Globe: In your discussions Sartre stresses the need to find “a principle for the Left.” This isn’t very far from the positions that are being held today...

BL: Sartre was perfectly capable of seeing himself in the affective language of the Left, and it displeased him that the Left was destroyed. He already thought this at the time and wouldn’t have waited for the tenth anniversary of “Mitterandia” to say it. This was even more the case in that there were old ideas, transmitted by the New Right’s offensive at the end of the ‘70’s, that were regaining vigor. Incidentally, it was this context that was the precipitating factor in our decision to have these discussions appear in the Nouvel Observateur

Globe: In a way this corresponds to the need to write editorials that you reproach in others.

BL: No, it’s not correct to say this. What Sartre wanted to say is that the Left was destroyed and that there was no question of artificially resuscitating it. In order to do this we had to return to the source, to principles. He asked himself the question: “What is the principle of the Left?” But his answer wasn’t situated in the terms of a political outlook on the world... There remains the misunderstanding, the decision to renew the term, the “Left.” It is certain that he believed it fertile. For my part, today I consider this an obsolete portion of our efforts, for I’m not as attached to this term or the different intellectual and affective meanings it mobilizes as Sartre was. But this is strictly my personal point of view in this regard.

Globe: You attach a lot of importance to Sartre’s discovery of the “real Jew,” the one who is in contact with the texts. How did he become interested in this question?

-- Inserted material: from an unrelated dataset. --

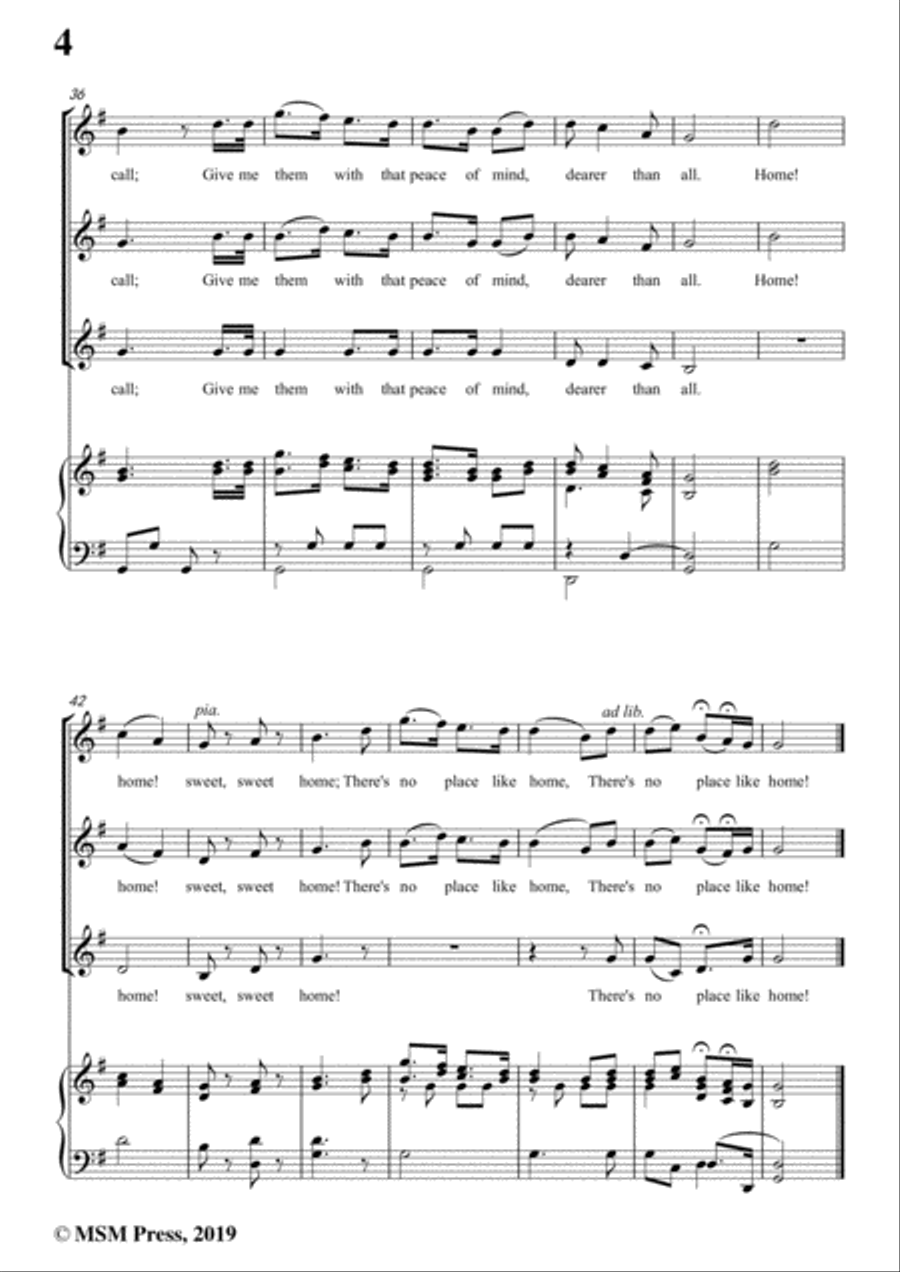 Henry R. Bishop-Home Sweet Home,in G Major,for Voice&Piano Voice scores gallery preview page 6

BL: During the last three years of his life I began to turn to Jewish texts. He began to be interested in this because of me. Sartre saw me being reborn, discovering Biblical texts he only knew in their cathechistic form. He saw here a vigorous way of thought that was disconcerting for him. Before his eyes there appeared a reality of the Jew that was almost completely unknown to him. Up until then all he’d known of Jews is what I would call the “imaginary Jew.” He admirably described these Jews in “Reflections on the Jewish Question.” That this led him to write that the Jew was essentially the invention of the anti-Semite is not an error, it’s a quite correct description since it’s a law concerning the imaginary Jew. In any case, when he found himself in contact with the reality of the Jew of the Book we can only be grateful to him for having recognized this without fearing going back on his earlier declarations or his ideological interests.